09 · The risk map — likelihood × impact

What can knock the metronome off tempo

Risks plotted by how likely they are against how much they’d hurt. One sits in the hot corner — and it’s the same force that drives the whole stock: interest rates. The named cards below explain what actually breaks in each case.

Low impact
Medium impact
High impact
Likely
  • Equity / ATM dilution overhang
  • Cost-of-capital squeeze
  • Growth deceleration
  • Interest-rate sensitivity
Possible
  • FX / European exposure
  • Tenant credit / retail bankruptcies
  • Private-capital execution
  • Dividend-growth stall
Tail
  • REIT-tax / regulatory change
  • Credit-market / refinancing freeze

Interest-rate sensitivity

Likely · High impact

The master risk. If the 10-year Treasury backs up, O’s ~5.3% yield must reset higher — which means the price falls. It trades as duration first, equity second; everything else is secondary to the rate path.

Cost-of-capital squeeze

Likely · Medium impact

If the stock’s yield stays elevated, issuing equity is expensive and the spread over ~7.1% acquisition yields compresses toward zero — the accretion math that funds growth simply stops working.

Growth deceleration

Likely · Medium impact

At 15,571 properties, even $9.5B of annual deals lifts AFFO/share only ~3–4%. The law of large numbers caps upside; if private capital doesn’t scale, ~3% is the ceiling, not the floor.

Dividend-growth stall

Possible · High impact

If AFFO flatlines, the 30-year increase streak slows to a crawl. The dividend wouldn’t be cut — but the aristocrat premium that anchors the shareholder base would erode, and the multiple with it.

Private-capital execution

Possible · Medium impact

The Apollo / GIC / Core-Plus pivot adds complexity and fee dependence. If promotes and fee streams disappoint — or partners pull back — the re-rating story that underwrites the bull case quietly fades.

Credit-market freeze

Tail · High impact

A credit shock that shuts debt markets would force O to roll ~$32B of debt at punitive rates or slam the brakes on acquisitions. Low probability, but it strikes the leverage and the growth engine at once.
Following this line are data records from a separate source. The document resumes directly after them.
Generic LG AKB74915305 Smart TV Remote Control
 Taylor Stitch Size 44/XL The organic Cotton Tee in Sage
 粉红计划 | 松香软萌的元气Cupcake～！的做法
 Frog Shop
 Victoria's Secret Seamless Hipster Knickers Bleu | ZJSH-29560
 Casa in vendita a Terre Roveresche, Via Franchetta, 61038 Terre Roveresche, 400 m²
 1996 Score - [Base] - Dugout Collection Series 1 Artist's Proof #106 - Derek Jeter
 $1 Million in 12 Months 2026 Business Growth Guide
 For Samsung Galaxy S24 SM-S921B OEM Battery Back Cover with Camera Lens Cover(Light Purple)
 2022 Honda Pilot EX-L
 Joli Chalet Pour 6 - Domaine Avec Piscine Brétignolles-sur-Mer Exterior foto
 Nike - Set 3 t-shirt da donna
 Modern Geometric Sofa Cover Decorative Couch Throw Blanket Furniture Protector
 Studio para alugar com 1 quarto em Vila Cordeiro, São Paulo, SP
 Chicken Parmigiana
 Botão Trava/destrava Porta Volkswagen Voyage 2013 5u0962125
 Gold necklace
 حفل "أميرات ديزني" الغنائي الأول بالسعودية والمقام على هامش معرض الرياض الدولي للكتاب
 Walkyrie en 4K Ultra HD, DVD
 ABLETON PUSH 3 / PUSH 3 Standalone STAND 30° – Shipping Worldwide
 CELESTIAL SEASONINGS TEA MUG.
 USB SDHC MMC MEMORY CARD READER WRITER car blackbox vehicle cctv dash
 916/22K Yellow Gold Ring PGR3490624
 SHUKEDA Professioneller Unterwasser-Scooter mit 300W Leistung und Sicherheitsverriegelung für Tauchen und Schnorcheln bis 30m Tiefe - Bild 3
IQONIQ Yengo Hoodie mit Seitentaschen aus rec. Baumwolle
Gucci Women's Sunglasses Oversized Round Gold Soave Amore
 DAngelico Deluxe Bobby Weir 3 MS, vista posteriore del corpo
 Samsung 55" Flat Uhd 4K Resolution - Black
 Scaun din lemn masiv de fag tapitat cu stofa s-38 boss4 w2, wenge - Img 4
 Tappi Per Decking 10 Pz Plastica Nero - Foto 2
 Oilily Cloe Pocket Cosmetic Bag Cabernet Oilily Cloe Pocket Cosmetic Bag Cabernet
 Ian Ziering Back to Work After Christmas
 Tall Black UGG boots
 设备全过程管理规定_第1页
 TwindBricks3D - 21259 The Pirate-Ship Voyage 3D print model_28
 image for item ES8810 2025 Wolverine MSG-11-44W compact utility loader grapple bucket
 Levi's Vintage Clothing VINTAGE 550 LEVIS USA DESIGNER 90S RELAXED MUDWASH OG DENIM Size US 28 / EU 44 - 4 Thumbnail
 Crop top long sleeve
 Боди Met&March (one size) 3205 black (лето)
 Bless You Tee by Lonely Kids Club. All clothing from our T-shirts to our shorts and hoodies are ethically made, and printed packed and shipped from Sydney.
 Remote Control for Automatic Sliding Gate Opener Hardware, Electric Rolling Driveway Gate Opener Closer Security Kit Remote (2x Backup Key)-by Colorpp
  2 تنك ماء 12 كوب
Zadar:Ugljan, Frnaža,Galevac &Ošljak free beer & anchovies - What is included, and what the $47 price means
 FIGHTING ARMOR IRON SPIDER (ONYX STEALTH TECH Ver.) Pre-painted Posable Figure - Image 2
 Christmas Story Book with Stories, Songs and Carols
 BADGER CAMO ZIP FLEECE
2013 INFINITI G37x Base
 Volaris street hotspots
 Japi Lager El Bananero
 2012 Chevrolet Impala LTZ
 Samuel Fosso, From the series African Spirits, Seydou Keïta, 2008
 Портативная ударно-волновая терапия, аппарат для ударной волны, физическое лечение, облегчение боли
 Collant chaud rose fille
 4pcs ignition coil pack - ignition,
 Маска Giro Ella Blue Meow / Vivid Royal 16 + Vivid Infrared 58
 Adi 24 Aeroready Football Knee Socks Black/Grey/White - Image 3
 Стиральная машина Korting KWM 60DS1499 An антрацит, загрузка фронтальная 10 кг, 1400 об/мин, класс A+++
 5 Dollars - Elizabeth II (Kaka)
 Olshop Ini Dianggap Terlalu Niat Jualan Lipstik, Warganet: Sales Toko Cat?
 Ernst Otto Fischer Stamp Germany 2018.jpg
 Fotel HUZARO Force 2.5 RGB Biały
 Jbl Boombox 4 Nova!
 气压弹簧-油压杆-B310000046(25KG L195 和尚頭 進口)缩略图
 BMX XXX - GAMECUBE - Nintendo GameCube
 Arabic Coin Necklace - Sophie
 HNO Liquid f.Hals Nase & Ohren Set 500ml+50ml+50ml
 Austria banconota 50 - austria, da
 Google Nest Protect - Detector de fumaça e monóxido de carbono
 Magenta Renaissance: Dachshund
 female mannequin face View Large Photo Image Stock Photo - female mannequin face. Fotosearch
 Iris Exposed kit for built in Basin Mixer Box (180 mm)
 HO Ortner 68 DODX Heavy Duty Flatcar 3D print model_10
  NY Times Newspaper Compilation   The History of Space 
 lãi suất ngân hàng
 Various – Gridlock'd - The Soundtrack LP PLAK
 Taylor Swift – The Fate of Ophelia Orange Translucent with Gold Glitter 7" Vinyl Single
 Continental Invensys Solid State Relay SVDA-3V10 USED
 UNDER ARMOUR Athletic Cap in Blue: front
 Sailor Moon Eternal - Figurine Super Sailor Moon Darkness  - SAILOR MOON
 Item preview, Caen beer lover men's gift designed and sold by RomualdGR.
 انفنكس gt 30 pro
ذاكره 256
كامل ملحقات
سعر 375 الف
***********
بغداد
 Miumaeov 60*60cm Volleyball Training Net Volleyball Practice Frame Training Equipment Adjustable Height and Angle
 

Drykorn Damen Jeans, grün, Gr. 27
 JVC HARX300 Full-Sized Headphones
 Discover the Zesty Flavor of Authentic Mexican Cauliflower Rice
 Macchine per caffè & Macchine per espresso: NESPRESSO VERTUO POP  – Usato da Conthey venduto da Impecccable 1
10 · Plain-language glossary

The terms, in human

Every REIT metric in this report, translated. Hover the dotted terms elsewhere on the page, or read them straight here.

AFFO
Adjusted funds from operations — a REIT’s real cash earnings after maintenance costs. The right number to value O on; ordinary EPS is distorted by depreciation, so its ~40× P/E is meaningless.
FFO
Funds from operations — net income with property depreciation added back. AFFO is FFO further adjusted for recurring capital items; both beat GAAP earnings for a property company.
Net lease (triple-net)
A lease where the tenant pays the taxes, insurance and maintenance on top of rent. The landlord just collects a check — low overhead, very predictable income. O’s entire model.
Cap rate
A property’s annual income divided by its price — the yield on a building. O buys at ~7.1% cap rates; the spread over its cost of capital is where growth comes from.
Investment spread
The gap between the cap rate O buys at and what its capital costs. A wide spread compounds value; a thin one (the bear’s fear) makes deals barely worth doing.
Cost of capital
The blended price of the debt and equity O raises to buy buildings. When the share price falls, the equity portion gets more expensive — which is why a low stock can choke growth.
Net Debt / EBITDAre
Leverage: debt (net of cash) against a REIT-standard cash-earnings base. O runs ~5.2× — conservative for the sector and consistent with its A3/A− ratings.
Dividend Aristocrat
An S&P member that has raised its dividend for 25+ straight years. O has done so for 30+, with 133 increases since 1994 — the credential its shareholder base is built on.
Payout ratio
The share of AFFO paid out as dividends. O’s ~75% leaves a cushion to keep raising the payout and still self-fund part of its growth.
P / AFFO
Price divided by AFFO per share — the REIT version of a P/E. O trades at ~13.7× forward vs a ~17–19× history; that gap is the valuation debate.
Bond proxy
A stock bought mainly for steady income, so its price moves inversely to interest rates — like a bond. O is the archetype, which is both its appeal and its vulnerability.
WALT
Weighted-average lease term — how long, on average, until O’s leases expire (~8.7 years). Longer means more locked-in, predictable rent and less re-leasing risk.